I expected to see ravens or crows congregating around disturbed skeletons. But no one was here; even the birds respected the “No Trespassing” sign on the gates. The moon was to be my only candle tonight. My flashlight refused to come to life on my travel. I had cursed the batteries and launched the flashlight into the cement. I enjoyed watching the object morph into fragments.
This is what I came for. I staggered upon it really. I shouldn’t be given much credit for its discovery. Beside the fact that I knew of its existence, I could hardly expect to find it with the limited light of the night. What danced before my eyes was the tombstone of Tabby Davis. She was known for living 375 years in the span of 75 earth years. She did everything. She had been mayor, a judge, a model in her youth, a track coach, ballet instructor, volunteer fire fighter, and most notoriously a drunk.
She had lived 5 lives and her last was to decorate her for eternity. I got closer to read these words, “I could drink my way out of anything and anyplace, except maybe Hell.” I shuddered at that, clutching the flask of whiskey in my left coat pocket. But I didn’t come to sight-see, I came to dig.
The shovel I brought was no bigger than an open fist. As the myth goes, old Tabby Davis was buried with twelve teeth full of gold. Her natural teeth had escaped her mouth, these where just pricy replacements.

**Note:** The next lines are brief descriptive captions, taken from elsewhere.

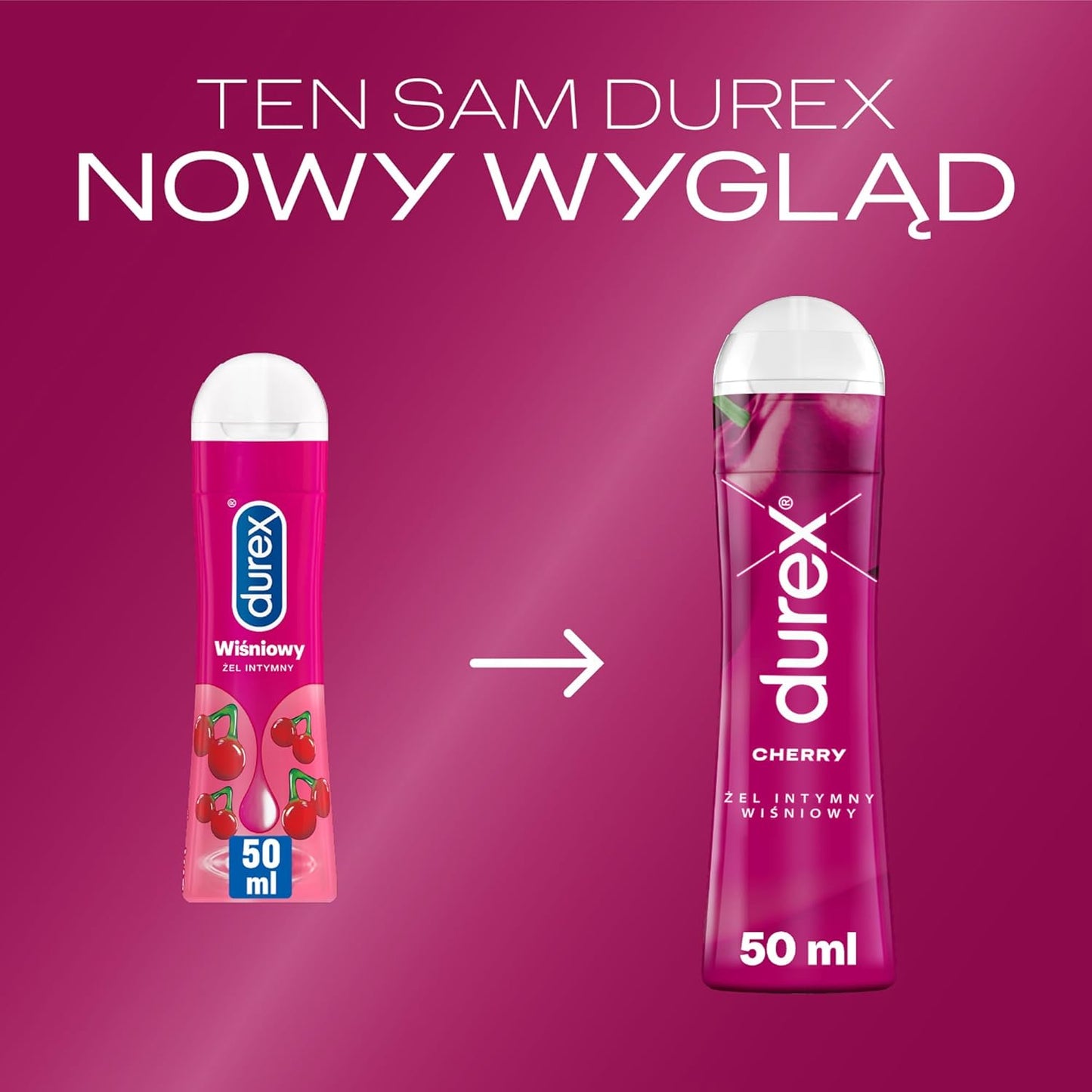 Durex Water-Based Lube - Cherry Gel - 50ml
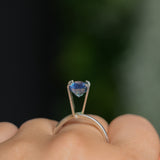 2.74CT OVAL MADAGASCAR SAPPHIRE, ROYAL BLUE WITH TEAL, UNTREATED, 9.5X6.7X5.1MM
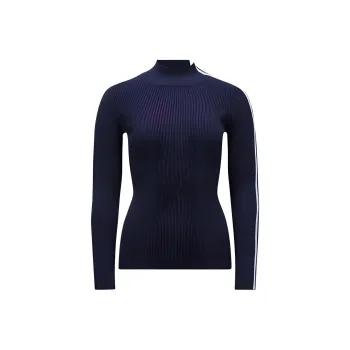 Moncler Logo Patch High Neck Jumper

If I had kept time during my digging, I’d say it took me two hours just to reach her coffin. By this time I was getting thirsty. I pulled out the flask. I licked my lips tasting imaginary alcohol as my taste buds jumped to life in anticipation. I took a big swig and gurgled it in my throat like mouth rinse before I finally swallowed. I was burned by the bitter aftertaste. I kept digging, finishing off the flask along the way.
The sun was beginning to stretch over the horizon. I finally shoveled enough dirt away to see into the glass casket. Was she a short woman? I thought to myself in silence. There are no remains here! My buzz evaporated.
A dark figure was walking towards me. I would’ve run, but I no longer had the heart. The man’s brown skin absorbed the waking sunlight. He wore a baseball cap that hid his eyes when he looked down. As he got closer he never changed stride.
“What you doin’ youngstuh?”
“I was – I thought I’d find gold,” I said winded.
“Ain’t gone find no gold down there,” said the man in a deep soulful voice. He gave the impression that he was more concerned than judgmental. “Old Tabby Davis ain’t real young flip. ‘Bout as real as that fat white man living on a snow island, flying around with reindeers and climbing down every chimney for some cookies and milk.”
All I could think about was reindeers. I thought reindeer was plural, but I wasn’t confident enough to correct him. I realized that my buzz hadn’t worn off all the way. I found a way to slur, “Fwhy fwould someone fmake her fup?”
The man removed his cap and said, “So young folk like you, with all the potential in the world, won’t throw it all away on some vice like the liquid in that empty flask you got in your left pocket. So kids ol’ think, ‘Wow, she lived all them lives and ruined every last one uh em on liquor.’”
“Uh,” is all I could say. The man nodded and walked away. I would’ve said something else, but we both must have known there was really nothing else to say.